§ TASK DESCRIPTION
Please retype all of the following entries exactly.

§ TASK INPUT
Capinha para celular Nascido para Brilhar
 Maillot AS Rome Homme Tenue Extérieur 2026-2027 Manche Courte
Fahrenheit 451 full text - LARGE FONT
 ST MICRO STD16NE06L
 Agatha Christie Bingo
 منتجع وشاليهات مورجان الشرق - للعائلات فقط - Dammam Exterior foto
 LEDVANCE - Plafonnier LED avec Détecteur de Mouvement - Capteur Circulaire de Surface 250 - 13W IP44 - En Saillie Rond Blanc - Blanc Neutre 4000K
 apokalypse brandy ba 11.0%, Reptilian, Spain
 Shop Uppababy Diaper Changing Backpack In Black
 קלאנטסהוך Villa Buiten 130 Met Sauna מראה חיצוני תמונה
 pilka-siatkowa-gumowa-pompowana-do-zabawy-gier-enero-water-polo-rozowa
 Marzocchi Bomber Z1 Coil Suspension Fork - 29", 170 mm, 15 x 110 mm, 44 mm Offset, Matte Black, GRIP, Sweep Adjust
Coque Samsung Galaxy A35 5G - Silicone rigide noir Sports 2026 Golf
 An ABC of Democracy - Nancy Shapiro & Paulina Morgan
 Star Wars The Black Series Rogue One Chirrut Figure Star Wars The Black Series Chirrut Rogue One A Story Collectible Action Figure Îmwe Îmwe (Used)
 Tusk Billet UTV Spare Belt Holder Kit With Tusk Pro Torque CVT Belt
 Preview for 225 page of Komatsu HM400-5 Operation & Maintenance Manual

§ SOLUTION TO THE PROBLEM
Capinha para celular Nascido para Brilhar
 Maillot AS Rome Homme Tenue Extérieur 2026-2027 Manche Courte
Fahrenheit 451 full text - LARGE FONT
 ST MICRO STD16NE06L
 Agatha Christie Bingo
 منتجع وشاليهات مورجان الشرق - للعائلات فقط - Dammam Exterior foto
 LEDVANCE - Plafonnier LED avec Détecteur de Mouvement - Capteur Circulaire de Surface 250 - 13W IP44 - En Saillie Rond Blanc - Blanc Neutre 4000K
 apokalypse brandy ba 11.0%, Reptilian, Spain
 Shop Uppababy Diaper Changing Backpack In Black
 קלאנטסהוך Villa Buiten 130 Met Sauna מראה חיצוני תמונה
 pilka-siatkowa-gumowa-pompowana-do-zabawy-gier-enero-water-polo-rozowa
 Marzocchi Bomber Z1 Coil Suspension Fork - 29", 170 mm, 15 x 110 mm, 44 mm Offset, Matte Black, GRIP, Sweep Adjust
Coque Samsung Galaxy A35 5G - Silicone rigide noir Sports 2026 Golf
 An ABC of Democracy - Nancy Shapiro & Paulina Morgan
 Star Wars The Black Series Rogue One Chirrut Figure Star Wars The Black Series Chirrut Rogue One A Story Collectible Action Figure Îmwe Îmwe (Used)
 Tusk Billet UTV Spare Belt Holder Kit With Tusk Pro Torque CVT Belt
 Preview for 225 page of Komatsu HM400-5 Operation & Maintenance Manual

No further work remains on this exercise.